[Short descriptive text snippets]
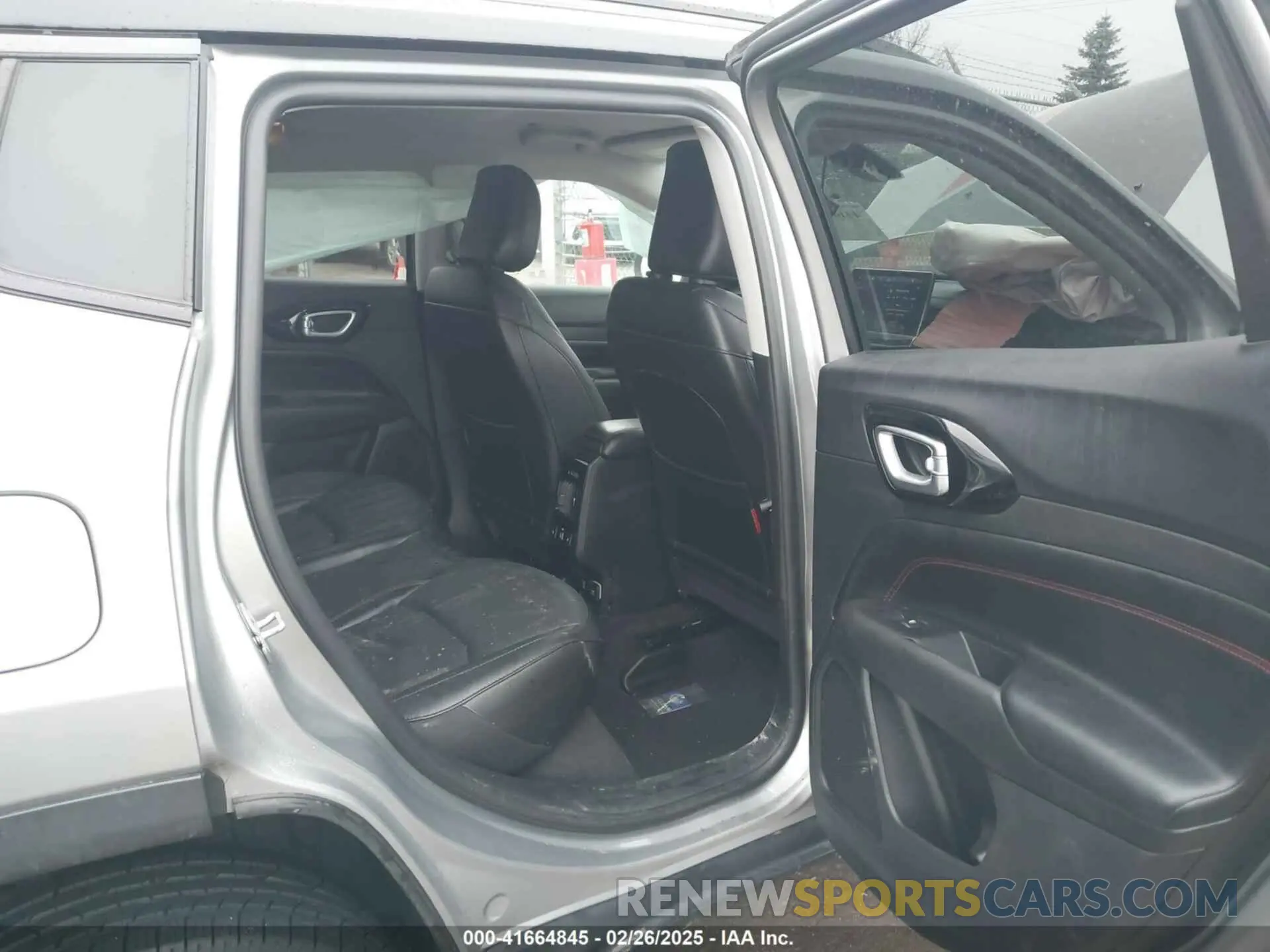 8 Фотография поврежденного автомобиля 3C4NJDDB3NT128118 JEEP COMPASS 2022
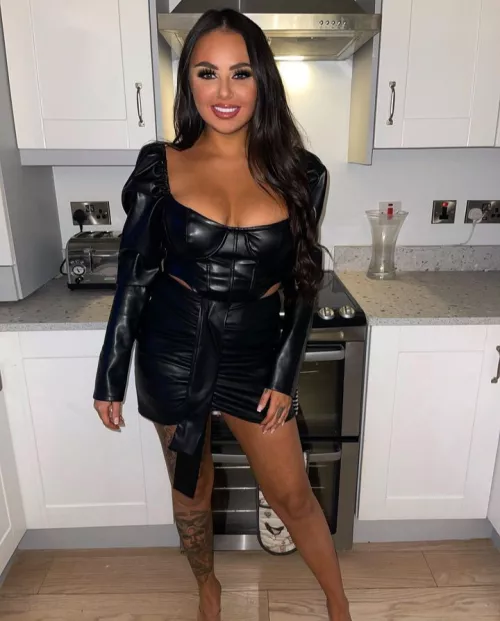 Stunning Stevie in the best material, leather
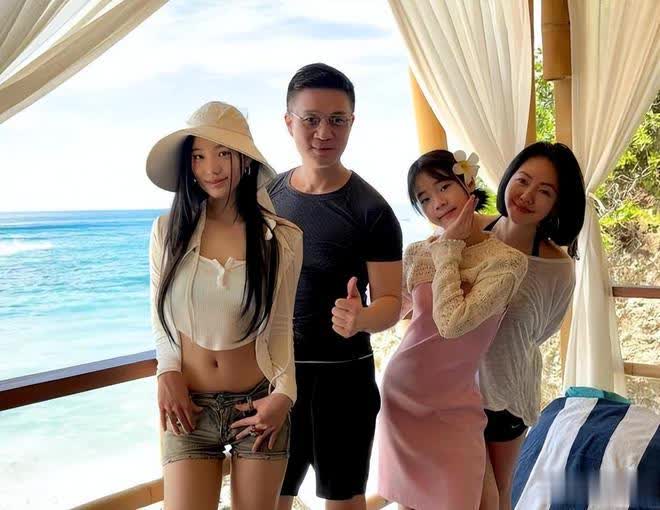 小S 13岁小女儿玩自拍，红唇卷发，与大S女儿对比鲜明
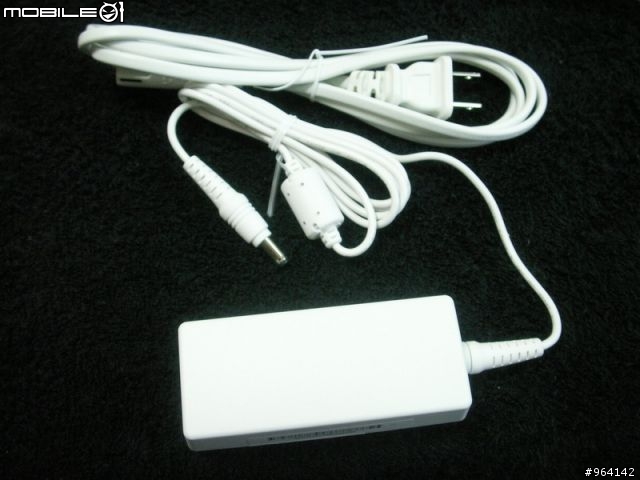 [開箱] 精英小筆電 ECS G10il 內建3.5G開箱文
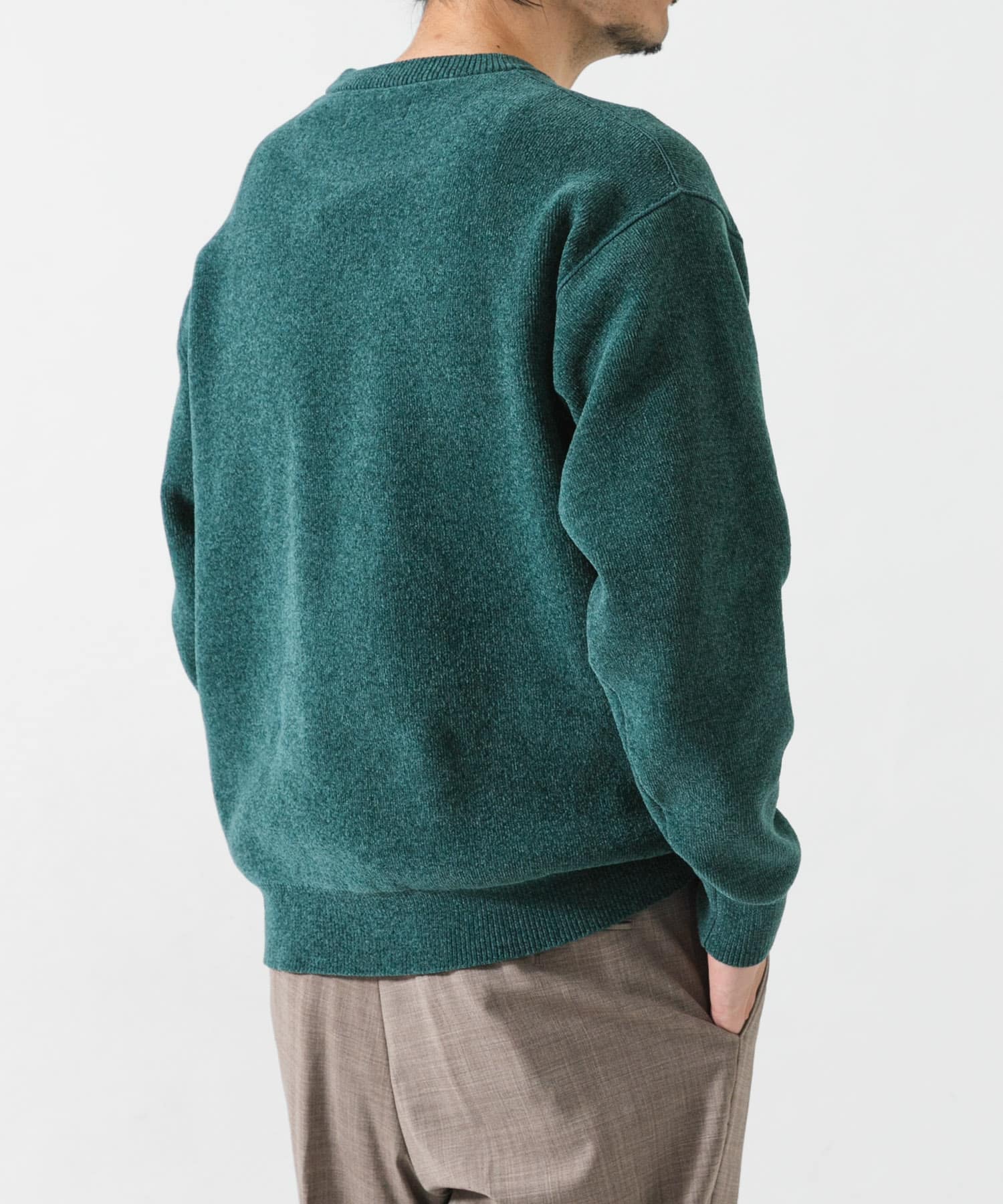 GREEN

■ **HOW TO COMPLETE THIS TASK**: Would you print all of the entries exactly, omitting any image?

■ **SOLUTION TO THIS TASK**:
 8 Фотография поврежденного автомобиля 3C4NJDDB3NT128118 JEEP COMPASS 2022
 Stunning Stevie in the best material, leather
 小S 13岁小女儿玩自拍，红唇卷发，与大S女儿对比鲜明
 [開箱] 精英小筆電 ECS G10il 內建3.5G開箱文
 GREEN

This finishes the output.